The trial court considered the matter on November 16, 2007. Sirota argued that the purpose of Rule 1:4-8 would not be served by imposing any sanctions upon him. Sirota said that he had withdrawn from the matter before discovery was complete, and that he never got to the point where he could determine that the suit was groundless. Friedrich also argued that he should not be sanctioned. He maintained that, when he entered the case, he had relied in good faith upon the past history of the action, including the trial court's prior decisions that allowed the case to proceed. Friedrich asserted that he had made a decision that plaintiff "deserved his day in court" and went forward based on "the history of the case."
The trial court placed its decision on the record. The court reaffirmed its earlier finding that plaintiff's attorneys had purposely contributed to the assertion and continuation of frivolous claims against Bolger. The court stated that the amount of fees it had previously assessed against Sirota and Friedrich were reasonable and necessary. The court noted, however, that its previous order had been reversed because it had not made a finding that those sanctions were necessary to deter future violations of the rule.
The court found that sanctions in the amount of $1,000 for both Sirota and Friedrich are "the appropriate amount[s] necessary to deter repetition of such conduct[.]" The court noted that plaintiff remained obligated for $63,091 and that was the "aggregate amount" that Bolger could collect. The court entered an order dated December 7, 2007, which memorialized its findings.
Bolger appeals. He argues that the trial court misapplied Rule 1:4-8(d) and abused its discretion by imposing what he claims is a de minimus sum that "amounts to just a few hours of an attorney's billable time." Bolger asserts that, to deter future violations of the rule, sanctions in a greater amount should be imposed, taking into account the full amount of the legal fees that Bolger paid to his attorneys as well as the "ill-gotten fees" earned by plaintiff's attorneys.
The award of sanctions pursuant to Rule 1:4-8 is a matter committed to the sound discretion of the trial court.

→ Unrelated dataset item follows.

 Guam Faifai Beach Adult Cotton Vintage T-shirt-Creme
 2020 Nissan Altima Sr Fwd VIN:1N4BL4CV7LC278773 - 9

Masone v. Levine, 382 N.J. Super. 181, 193 (App. Div. 2005). We may not disturb such an award unless the trial court failed to consider all relevant factors, based its decision on irrelevant or inappropriate considerations, or rendered a determination that reflects "a clear error in judgment." Ibid. (citing Flagg v. Essex County Prosecutor, 171 N.J. 561, 571 (2002)).
Notwithstanding Bolger's arguments to the contrary, we are convinced that the trial court did not abuse its discretion by imposing sanctions of $1,000 upon both Sirota and Friedrich. Here, the trial court was familiar with the action, having managed the case from its inception. The court also was aware of our previous decision in which we held that plaintiff and his attorneys filed groundless claims against Bolger in violation of Rule 1:4-8(a).
Based on its careful consideration of the entire record, the trial court found that sanctions of $1,000 were sufficient to deter Sirota and Friedrich from future violations of Rule 1:4-8(a). We cannot say that the sanctions imposed by the trial court represent the sort of "clear error in judgment" that would justify our intervention.